Sollten sich die nichtstaatlichen Anbieter zurückziehen, käme dies für die Stadt teuer. Laut Mergehenn fielen dann pro Gruppe Mehrkosten von 15.000 Euro pro Jahr und Gruppe an. Dieser Betrag variiere je nach Art des Trägers und dem Eigenanteil, den diese zu schultern haben. Bei kirchlichen Trägern ist dieser höher als bei anderen. Laut Kilp ist dies ein grundsätzlicher Fehler des Kinderbildungsgesetzes (Kibiz). Kirchen als „reiche Träger“zu behandeln, sei nicht mehr zeitgemäß.
Die Situation der Diakonie kann auch Caritas-Chef Dr. Christoph Humburg verstehen. Die Caritas betreibt in Solingen zwei Kindertagesstätten, zehn weitere hat die katholische Kirche selbst. „Über Schließungen denken wir als Caritas derzeit nicht nach“, so Humburg. Mit nur zwei Kitas sei der Eigenanteil derzeit noch zu stemmen.
Im NRW-Kinderbildungsgesetz müsse aber dringend nachgebessert werden, richtet er seine Kritik Richtung Land.

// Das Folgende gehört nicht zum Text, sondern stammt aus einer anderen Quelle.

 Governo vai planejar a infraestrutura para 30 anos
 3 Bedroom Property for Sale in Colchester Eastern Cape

Während die kirchlichen Träger einen Eigenanteil von
10,3 Prozent zu tragen haben, liegt dieser bei anderen freien Trägern bei
7,8 und bei Elterninitiativen bei 3,4 Prozent. „Für den Trägeranteil gibt es Unterstützung von der Stadt“, erklärt Dr. Thorsten Böth, Kreisgeschäftsführer des Deutschen roten Kreuzes (DRK), das drei eigene Kitas betreibt und Kooperationspartner für die drei Pinocchio-Elterninitiativen
ist. Er hoffe weiter auf Lösungen des Landes. „Die Aufgabe kann die Stadt nicht alleine stemmen.“Das DRK möchte weiter seine Kitas betreiben. „Es ist wichtig, dass die Solinger Kita-Landschaft breit aufgestellt ist“, sagt Böth und setzt auf Vielfalt.

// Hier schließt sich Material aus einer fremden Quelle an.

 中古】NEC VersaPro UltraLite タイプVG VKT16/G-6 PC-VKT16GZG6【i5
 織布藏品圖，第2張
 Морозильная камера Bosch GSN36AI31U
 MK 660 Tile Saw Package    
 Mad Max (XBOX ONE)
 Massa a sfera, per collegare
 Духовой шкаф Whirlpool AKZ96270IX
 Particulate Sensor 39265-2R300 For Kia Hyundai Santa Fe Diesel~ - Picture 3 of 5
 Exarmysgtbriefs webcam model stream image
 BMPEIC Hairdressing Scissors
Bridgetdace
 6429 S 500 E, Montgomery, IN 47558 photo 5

Um die freien Träger zu unterstützen, zahlt die Stadt laut Mergehenn pro Jahr freiwillige Zuschüsse in Höhe von 1,3 Millionen Euro aus. Die Kirchen erhielten für ihre Kindertagesstätten im vergangenen Jahr eine einmalige Sonderförderung. Dies könne angesichts der Kassenlage bei der Stadt aber kein Dauerzustand sein – zumal es ein Ziel der Kibiz-Reform von 2019 gewesen sei, dass die Finanzierung der Kitas strukturell auskömmlich sei.
Dies sei derzeit aber nicht der Fall. „Selbst wir als Stärkungspaktkommune müssen einen zusätzlichen Beitrag leisten“, bemängelt Mergehenn. Auch andere Städte würden an Lösungen für die Finanzierung arbeiten. Wie Bonn und Krefeld hatte die Stadt deswegen vor einem Jahr im Landtag eine Stellungnahme zur damals anstehenden Kibiz-Reform abgegeben. Laut Mergehenn haben viele Stärkungspakt-Kommunen die Kibiz-Finanzierung als Problem bezeichnet.